# Hail or Ruler



## Slush Puppie (Aug 15, 2011)

Anyone?

Will the Hail be ok for all mountain (as a beginner/intermediate), or will I wish I'd bought the stiffer Ruler?


----------



## readimag (Aug 10, 2011)

I would go for the ruler if you are more an all mtn kind of guy. I how the imperials and they are stiffer then the rulers. I have no problems when I happen to go in the park or freestyle on the mtn. Also the 390 boss will help if you do go in to the park as it is a mid flex like the boots.


----------



## Slush Puppie (Aug 15, 2011)

thx for the input readimag. I think you might well be right.

I guess one thing that would be useful to know would be:

How different do the Ruler feel to the Moto. Or the Hail to the Moto for that matter.

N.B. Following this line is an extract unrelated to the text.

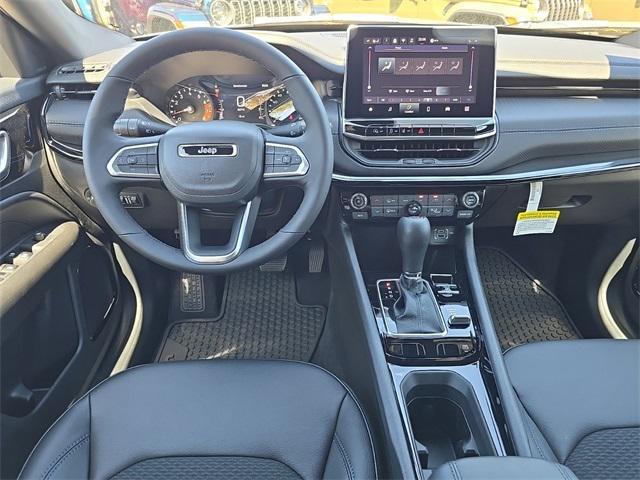 new 2025 Jeep Compass car, priced at $30,446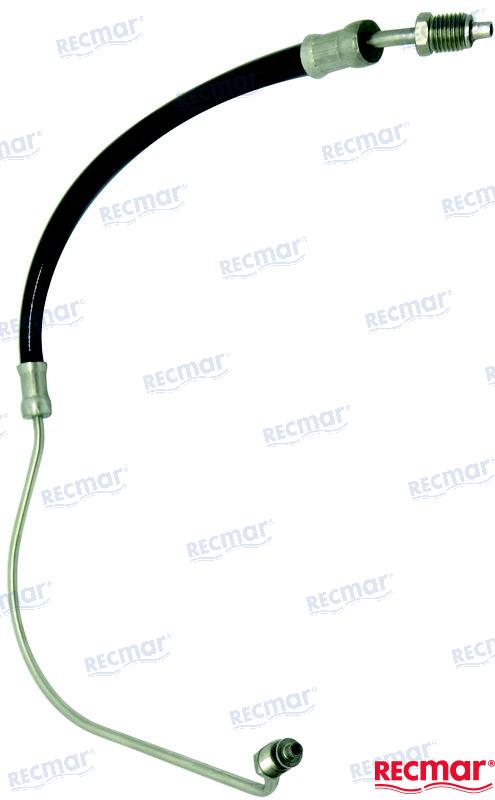 BONBARDIER HIDRAULIC HOSE | OEM  3857523 | PARTS | RECMAR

I think I could live with the Moto if they were a really snug fit. So either option should in theory be ok.


----------



## readimag (Aug 10, 2011)

If you look on the website the tech on each boot is way different, dont get me wrong I started with the moto also. Great boot but once you get a better boot you will see the difference. I would see some reviews online with youtube and look what they say. You will get alot more boot also with the hail over the moto, about as stiff also when I used them a couple of years ago.


----------



## MeanJoe (Jul 20, 2011)

Agreed the tech is pretty different between the two. I'd swing towards the Hail. The Ruler is just a stiffer Moto - still a pretty much a lower-end boot with an upgraded liner than the Moto. The big thing, in my opinion, is that the Hail has an articulated cuff whereas the Moto and Ruler do not. An articulated cuff results is more natural flex of the boot without compromising the heel hold, etc.

FYI - I've ridden Motos for a few seasons before, always going with a lower cost boot vs. spending the big money. I finally spent the big money and the difference was amazing. In my opinion, the Motos are a pretty bad boot.

MeanJoe


----------